A comprehensive data processing pipeline for cleaning, parsing, deduplicating HTML data, and importing it into Memgraph.
- Introduction
- Features
- Project Structure
- Installation
- Usage
- Configuration
- Logging
- Contributing
- License
This project processes HTML data through various stages including manual cleaning, decomposing into graph structures, deduplication, and importing into Memgraph for advanced querying and analysis. It utilizes asynchronous programming for improved performance.
- Manual Cleaning: Applies specific string replacements to clean HTML files.
- Decomposition: Parses HTML into graph structures using BeautifulSoup and NetworkX.
- Deduplication: Identifies and removes duplicate HTML files based on hashing and similarity metrics.
- CSV Preparation: Converts graph data into CSV files suitable for Memgraph import.
- Memgraph Integration: Imports processed data into Memgraph with defined relationships.
- Logging: Comprehensive logging at each processing stage for easy debugging and monitoring.
- Asynchronous Processing: Utilizes asyncio for improved performance in I/O-bound operations.
aonprd-parse/
├── config/
│ ├── config.py
│ └── config.yaml
├── src/
│ ├── cleaning/
│ │ ├── __init__.py
│ │ ├── manual_cleaning.py
│ │ └── cleaner.py
│ ├── decomposing/
│ │ ├── __init__.py
│ │ ├── decomposer.py
│ │ └── condense_decomposition.py
│ ├── importing/
│ │ ├── __init__.py
│ │ ├── csv_prep.py
│ │ └── memgraph.py
│ ├── processing/
│ │ ├── __init__.py
│ │ └── unwrap.py
│ ├── utils/
│ │ ├── __init__.py
│ │ ├── logging.py
│ │ ├── file_operations.py
│ │ └── data_handling.py
│ ├── __init__.py
│ └── process.py
├── data/
│ ├── raw_html_data/
│ ├── manual_cleaned_html_data/
│ ├── decomposed/
│ ├── condensed/
│ ├── processed/
│ └── import_files/
├── logs/
├── .gitignore
├── README.md
├── requirements.txt
└── pytest.ini
-
Clone the Repository:
git clone https://github.com/yourusername/aonprd-parse.git cd aonprd-parse
-
Set Up Virtual Environment:
python3 -m venv venv source venv/bin/activate # On Windows: venv\Scripts\activate
-
Install Dependencies:
pip install -r requirements.txt
Run the main processing script to execute the entire pipeline:
python src/process.py
Note: Ensure that all required directories and database files exist before running the scripts.

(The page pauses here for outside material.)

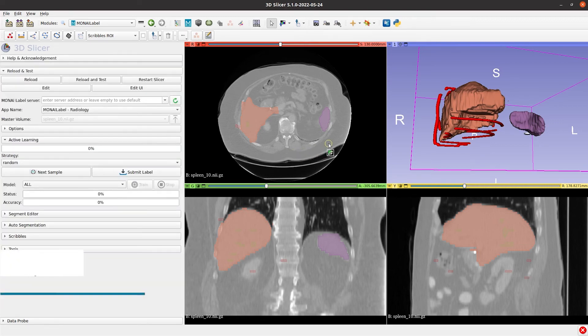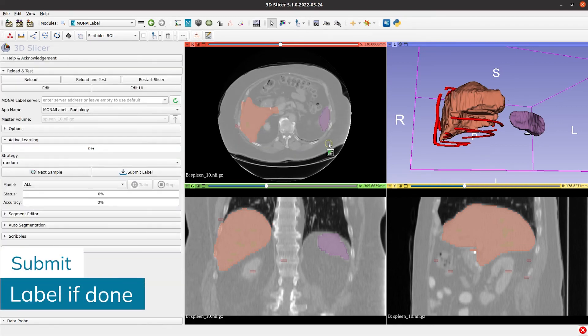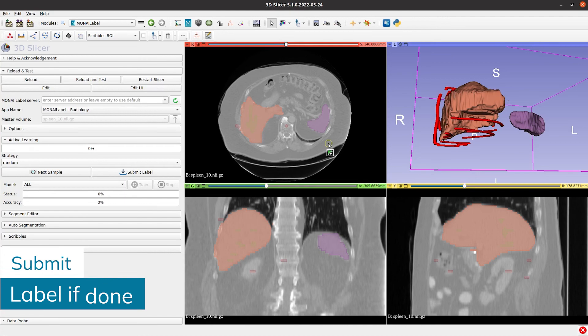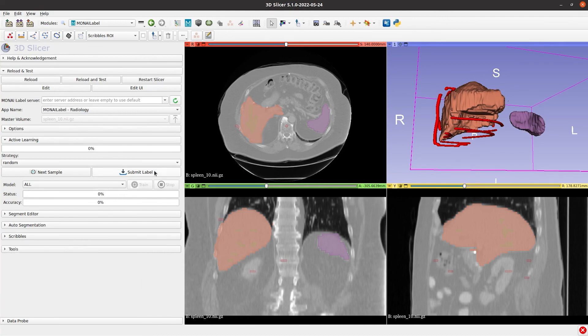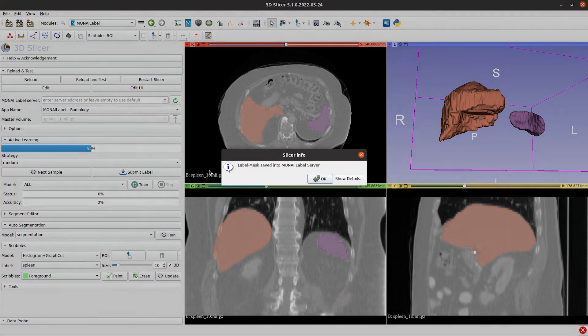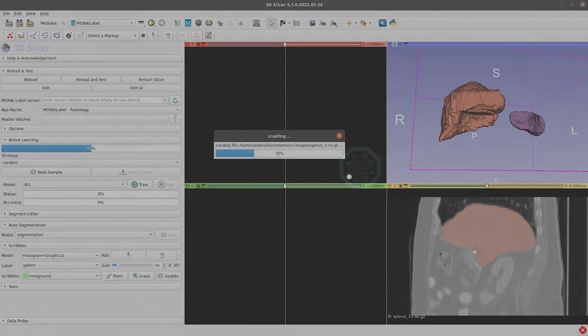If you think that the label is ready, we can submit them now to the server. That's all for this video. See you at the next one.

All configuration parameters are centralized in config/config.py
and config/config.yml
. Adjust paths, logging configurations, and processing limits as needed.
Logs are stored in the logs/
directory. Each script generates its own log file for easy tracking. Log levels can be adjusted in the configuration files.
Contributions are welcome! Please fork the repository and submit a pull request.
This project is licensed under the MIT License.